» **Data shown**:
══════════

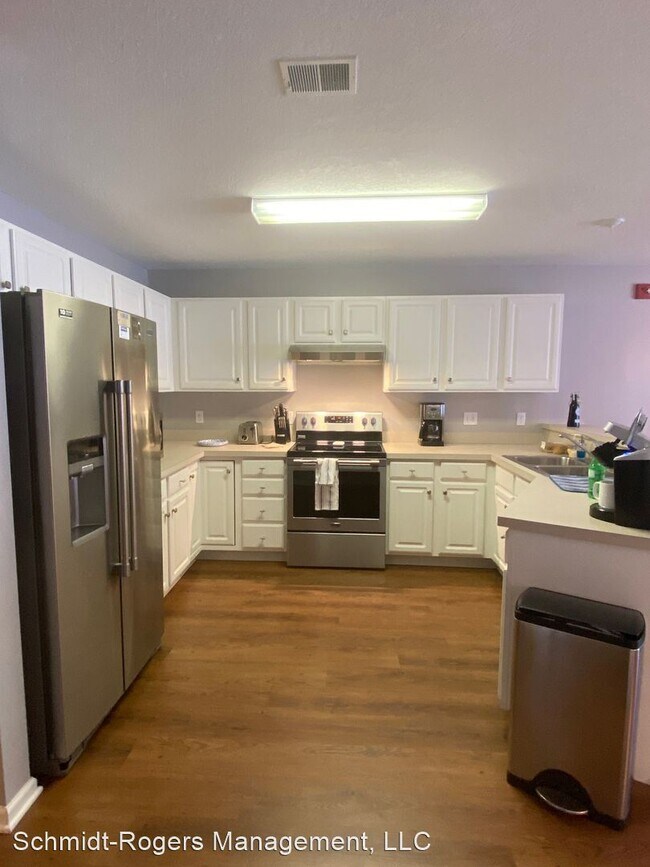 Foto del edificio - 3 br, 2 bath House - 660 S Lake Street #30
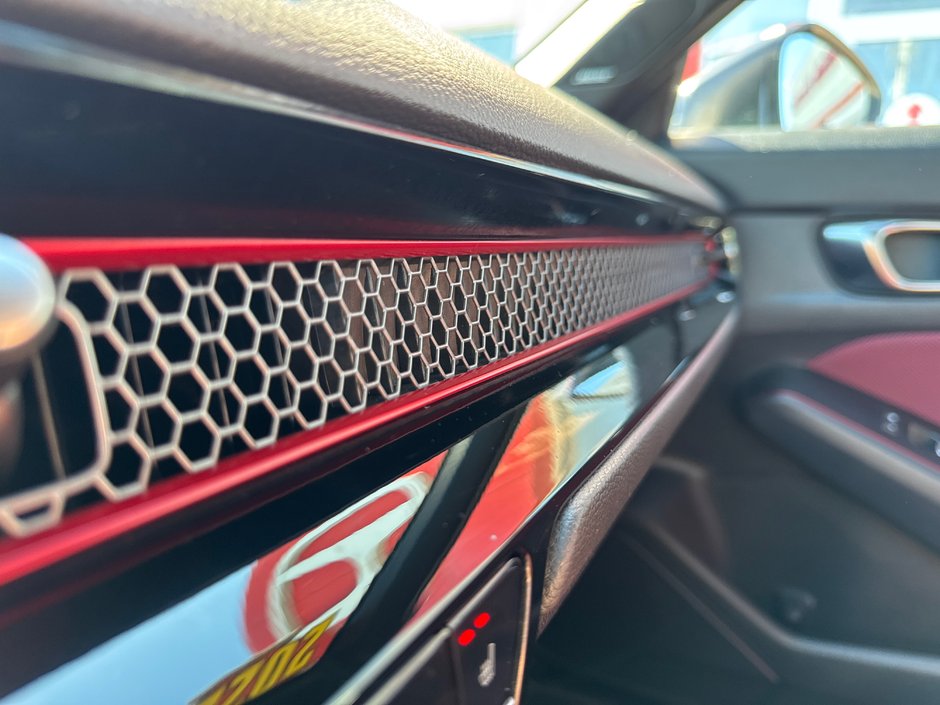 2022 Honda Civic Si-28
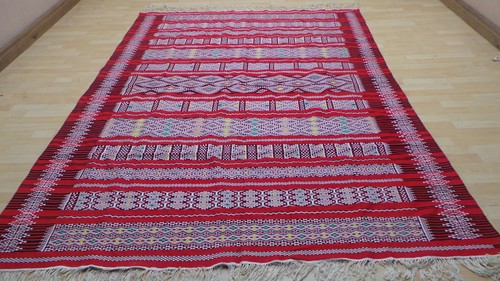 Hand made carpet rug - hand, woven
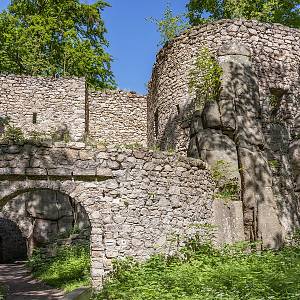 Hrad Bolczów - vstupní brána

══════════

Each line above should be set down exactly as written, with pictures excluded.

 Foto del edificio - 3 br, 2 bath House - 660 S Lake Street #30
 2022 Honda Civic Si-28
 Hand made carpet rug - hand, woven
 Hrad Bolczów - vstupní brána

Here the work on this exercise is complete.